Question

Sixteen players $s_1,s_2,.,s_{16}$ play in a tournament. They are divided into eight pairs at random. From each pair a winner is decided on the basis of a game played between the two players of the pair. Assume that all the players are of equal strength.

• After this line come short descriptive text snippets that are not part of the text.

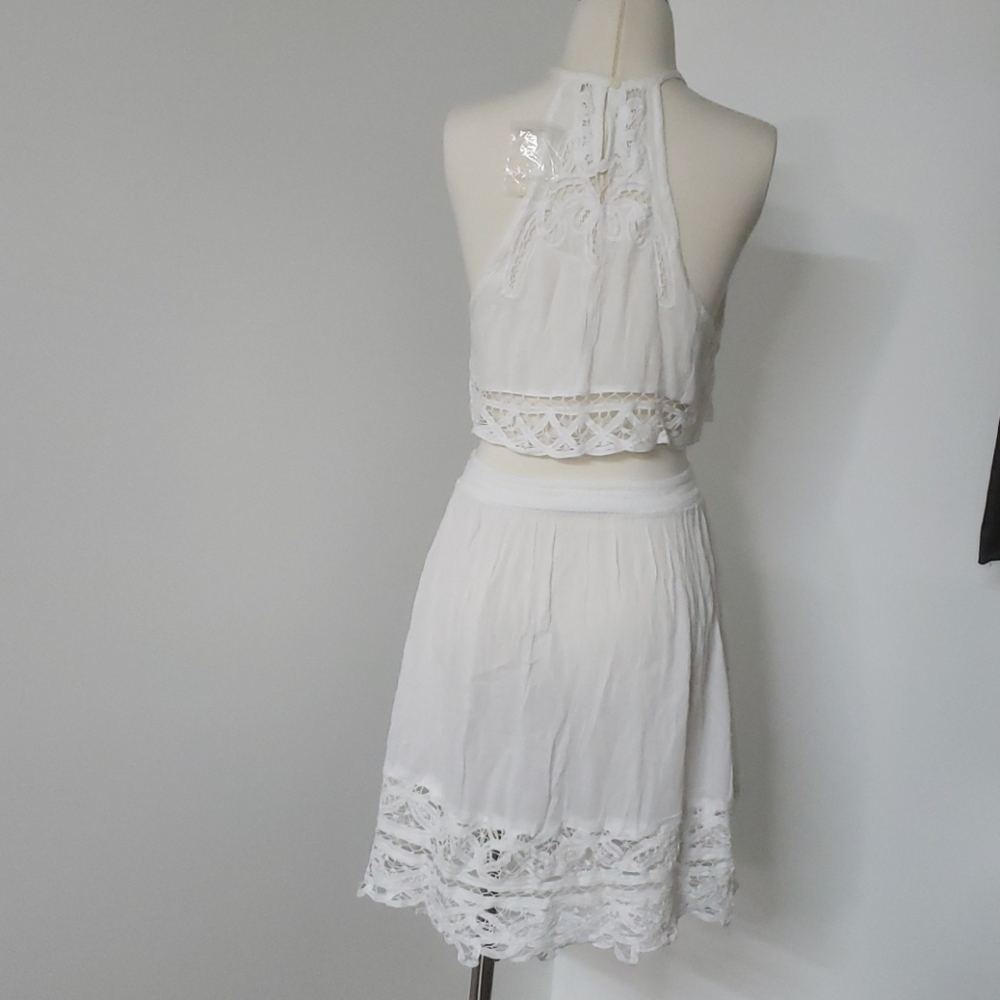Free people two pieces mini skirt healter set - Picture 9 of 9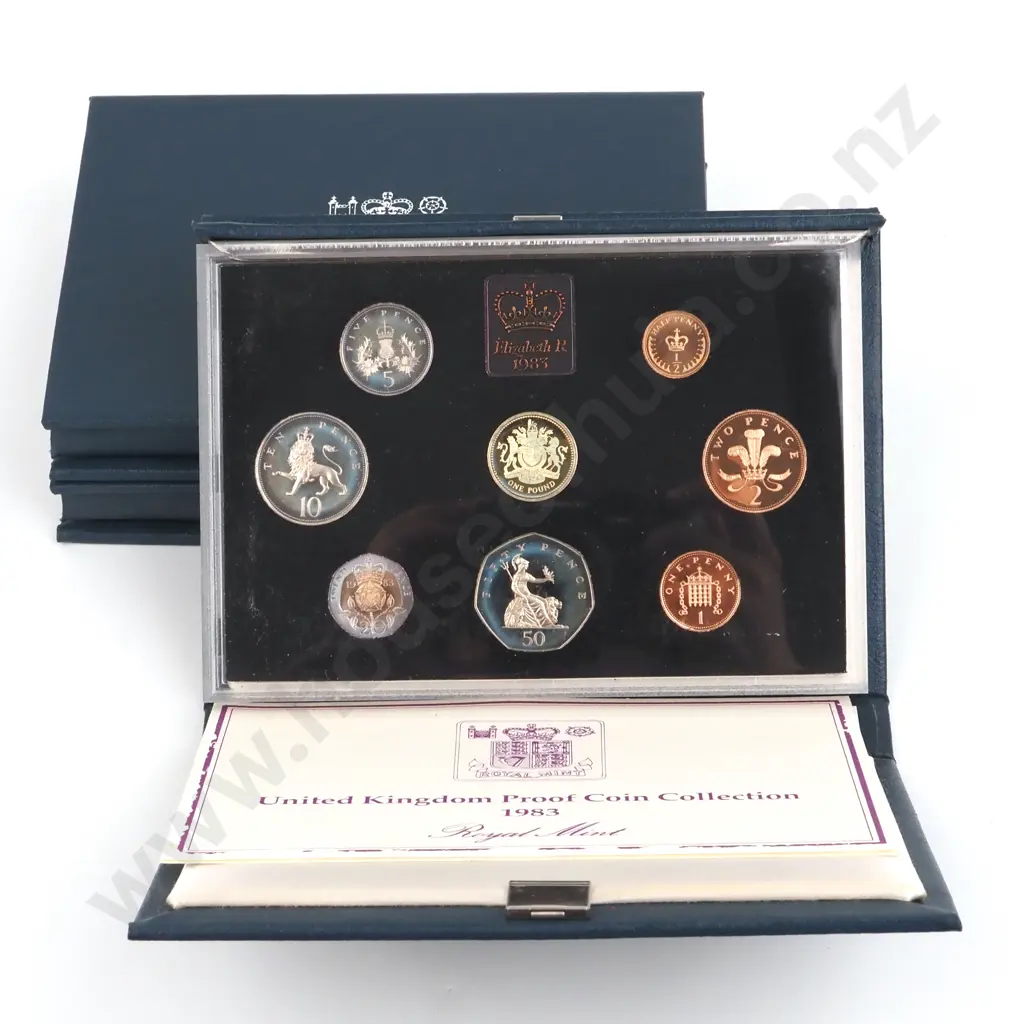 Three 1983 United Kingdom Proof Coin Sets  Image 1++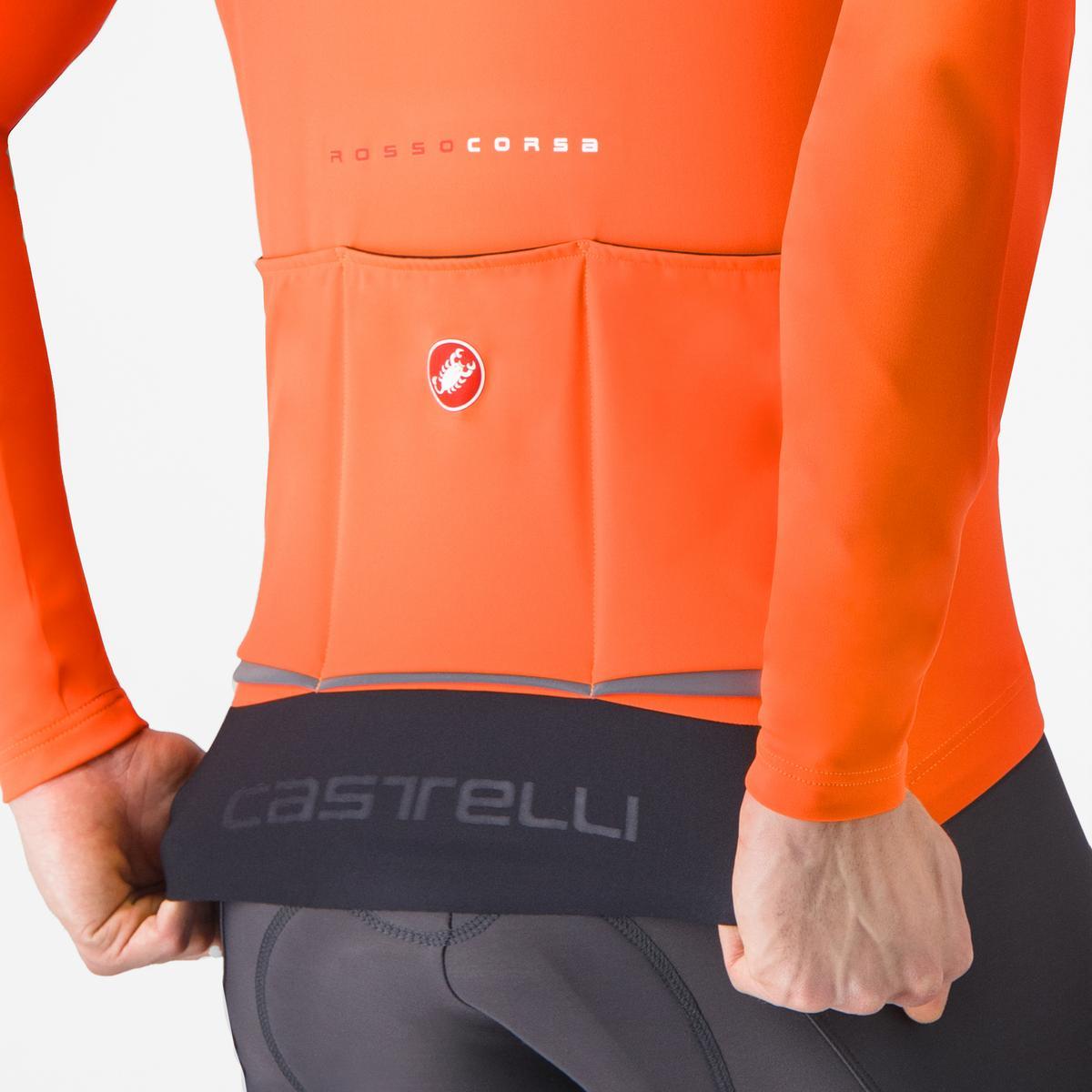 CASTELLI PERFETTO AIR jacka orange/svart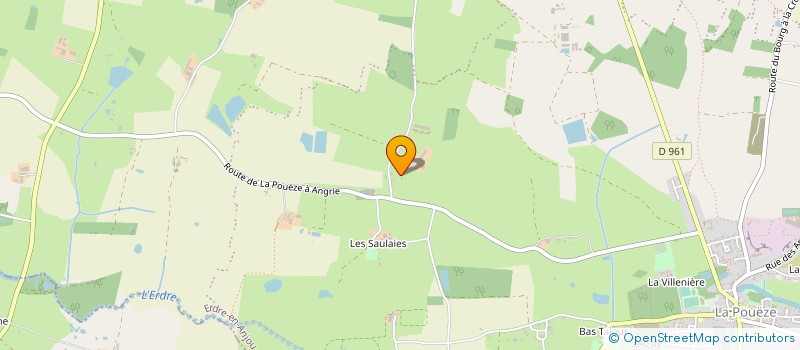 localisation de l'entreprise SCI LE MELINAIS à GREZ-NEUVILLE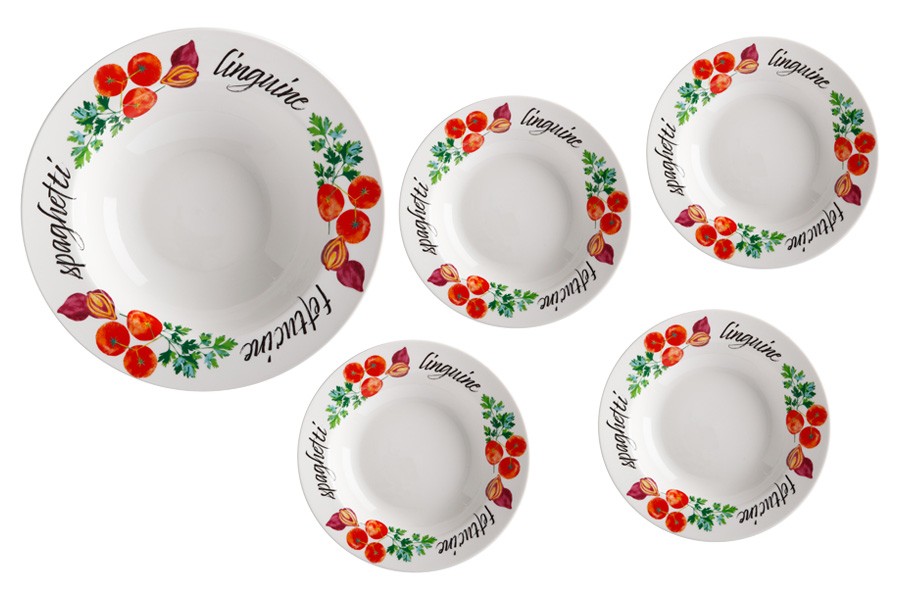 Набор для пасты Травы, 5 предметов Набор для пасты Травы, 5 предметов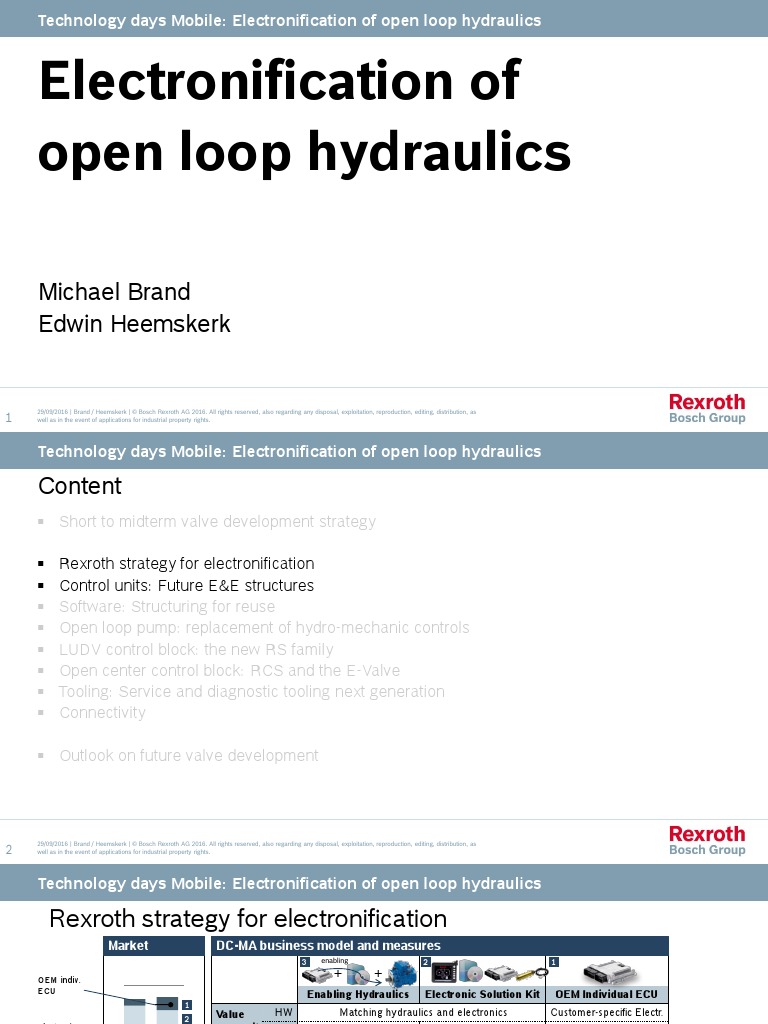 Electronification of Open Loop Hydraulics | PDF | Application Software ...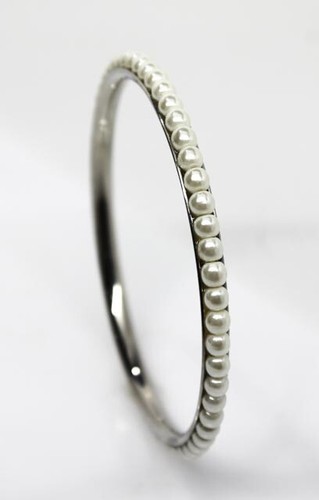 Brazalete de perlas de moda, diámetro 2,75 pulgadas - Imagen 1 de 3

The probability that "exactly one of the two players $s_1$ & $s_2$ is among the eight winners" is

• A. $\frac{4}{15}$
• B. $\frac{7}{15}$
• C. $\frac{8}{15}$
• D. $\frac{9}{15}$

Answer 1

The correct option is C $\frac{8}{15}$

Case(i): If $S_1,S_2$ are in the same pair, then exactly one of them wins.

Total number of ways to divide 16 into 8 pairs = $\frac{16!}{(2!{)}^{8}8!}$

If $S_1,S_2$ are in one pair, ways to divide 14 into 7 pairs

$=\frac{14!}{(2!{)}^{7}7!}$

So, probability = $\frac{\frac{14!}{(2!{)}^{7}7!}}{\frac{16!}{(2!{)}^{8}8!}}\times 1\to$ either $S_1$ or $S_2$ wining = $\frac{1}{15}$

Case (ii): If in different, one must lose and one must win.

number of ways to divide such that they are different

pair =$\frac{16!}{(2!{)}^{8}8!}-\frac{14!}{(2!{)}^{7}7!}$

$S_1$ lose, $S_2$

So, probability $=(1-\frac{1}{15})\times \frac{1}{2}\times \frac{1}{2}\times 2=\frac{7}{15}$

$\therefore$ Total probability = $\frac{1}{15}+\frac{7}{15}=\frac{8}{15}$